Pydantic AI: wired up by default.
OpenAI
Anthropic
Google Gen AI
LangChain
LiteLLM
Claude Agent SDK
Mirascope, Magentic, DSPy, LlamaIndex, MCP

If you build with another framework that emits the same conventions (directly or via OpenLLMetry), the views light up the same way.

Get your first row to appear

The smallest path from an empty project to a populated LLMs row, using the OpenAI instrumentation:

Terminal

pip install 'logfire[openai]'
export LOGFIRE_TOKEN=<your write token from project Settings → Write tokens>

import logfire
import openai

logfire.configure()
logfire.instrument_openai()

openai.OpenAI().chat.completions.create(
    model='gpt-4o-mini',
    messages=[{'role': 'user', 'content': 'hi'}],
)

Refresh the LLMs page. A row for gpt-4o-mini (provider openai) should appear within a minute. For other instrumentations, the LLM Panels guide has the per-provider list.
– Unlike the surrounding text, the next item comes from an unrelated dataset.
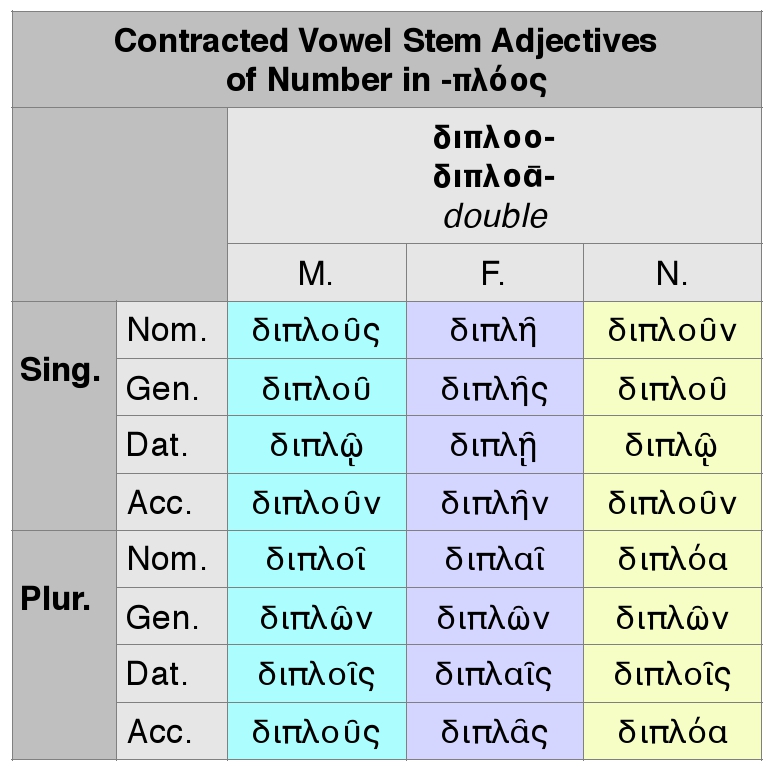 Goodell: Greek Contracted Vowel Stem Adjectives of Number in -πλόος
Slicing by environment, agent or user

The inventory groups rows by (provider, model). Beyond the text search at the top, there are no dropdowns for filtering by environment, agent or user on this page yet. For per-environment, per-agent, per-user, per-feature or per-tenant breakdowns, query the records table directly in SQL Workbench. Every GenAI span carries the gen_ai.* attributes alongside deployment.environment.name and any custom resource attributes you’ve set, so you can slice cost, latency or token usage by whatever dimension matters.

Troubleshooting

Symptom	Likely cause
Model row is missing	The span has no provider attribute (`gen_ai.system` or `gen_ai.provider.name`) and no `gen_ai.request.model`. Use one of the supported instrumentations, or set the attributes manually if you’re rolling your own.
Row shows under `(unknown)` provider	The provider attribute is missing while `gen_ai.request.model` is set. The page falls back to `(unknown)` rather than dropping the call.
Tokens or Cost columns are 0	Streaming is closing the span on the first chunk, so the final `gen_ai.usage.{input,output}_tokens` attributes never land on the span. See Streaming gotchas.
Truncated rate is 0% even though responses are being cut off	Missing `gen_ai.response.finish_reasons` array on the span (or the legacy singular `gen_ai.response.finish_reason` is being emitted; the LLMs page reads the plural form).
Tool-call rate is 0% on a model you know calls tools	Instrumentation isn’t recording tool-call attributes on the LLM span. The supported instrumentations all do this; custom ones may not.
Average per-model latency dropped after enabling the Collector	The Collector is tail-sampling out non-error spans, so the page is averaging only the errored calls. Either disable tail sampling or sample independently of the `gen_ai.*` pipeline.